The term "boot camp" is currently used in the fitness industry to describe group fitness classes that promote fat loss, camaraderie, and team effort. They are designed to push people a little bit further than they would normally push themselves in the gym alone. Boot Camps are sometimes organized outdoors in parks using bodyweight exercises like push-ups, squats, suspension training and burpees, interspersed with running and competitive games. The idea is that everyone involved works at their own pace as they team up and work towards one goal, either in pairs, small teams of three or four, or even two teams head on.

Boot camps provide social support for those taking part. This provides a different environment for those exercisers who get bored in a gym and so find it hard to develop a habit of exercise. Participants make friends and socialize as they exercise, although how strict the trainers or drill instructors in charge can be will depend on the company running the camp. Members of fitness boot camps are usually tested for fitness on the first day and then retested at the end of the camp, which usually runs for between 4 and 6 weeks.
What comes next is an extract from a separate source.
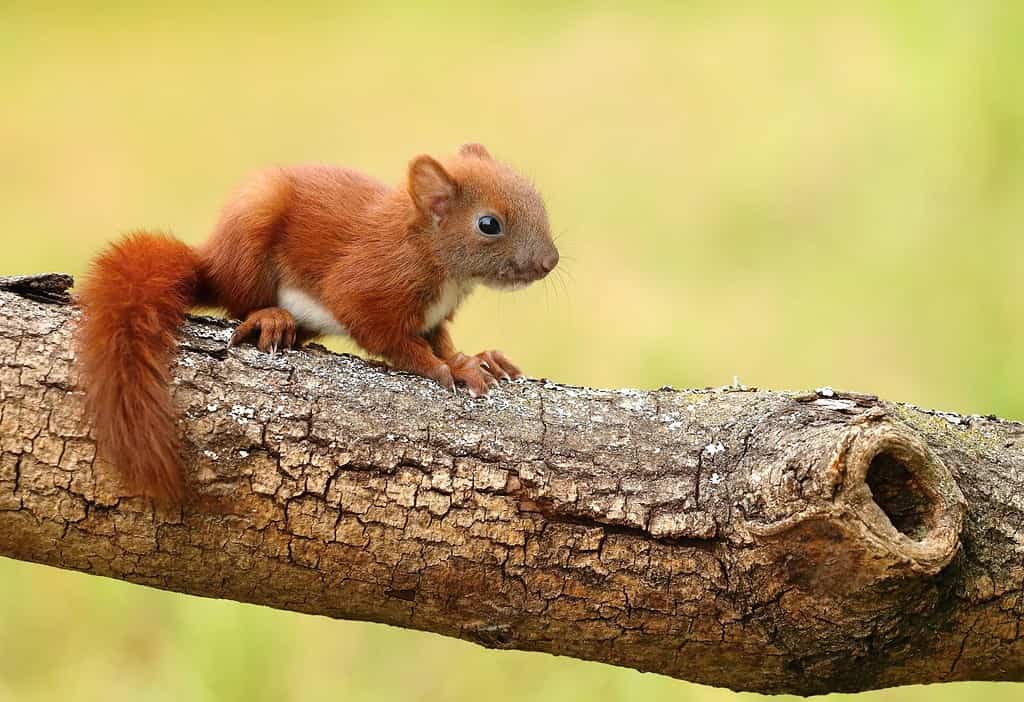 Piccolo scoiattolo Sciurus vulgaris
Fitness boot camps are often based on the military style of training, although that has started changing over the last few years. An advantage of a boot camp is that the large group dynamic will often help motivate the participants. A growing trend in fitness boot camps are the indoor locations which prove to be climate proof and provide a better workout environment for the members. Additionally, some camps include extracurricular fitness activities off-site.

There are many other benefits of a fitness boot camp, which includes mental health. It has long been known that regular aerobic exercise can help to reduce high blood pressure, hypertension and combat stress. Part of this is due to the release of endorphins, which act as a mood elevator.

Some "Holistic Bootcamps" provide the mental coaching required to sustain motivation after people leave the camp. Themed fitness bootcamps often consist of the use of one particular training implement to the exclusion of others. Kettlebells are the preferred tool for kettlebell fitness bootcamps run by RKC instructors and TRX suspension trainers are the preferred tools for TRX instructors. Boxing themed fitness bootcamps often use heavy bags. The use of themes varies widely between fitness bootcamps and their instructors according to the preferences between the instructor and the needs and likes of the clientele.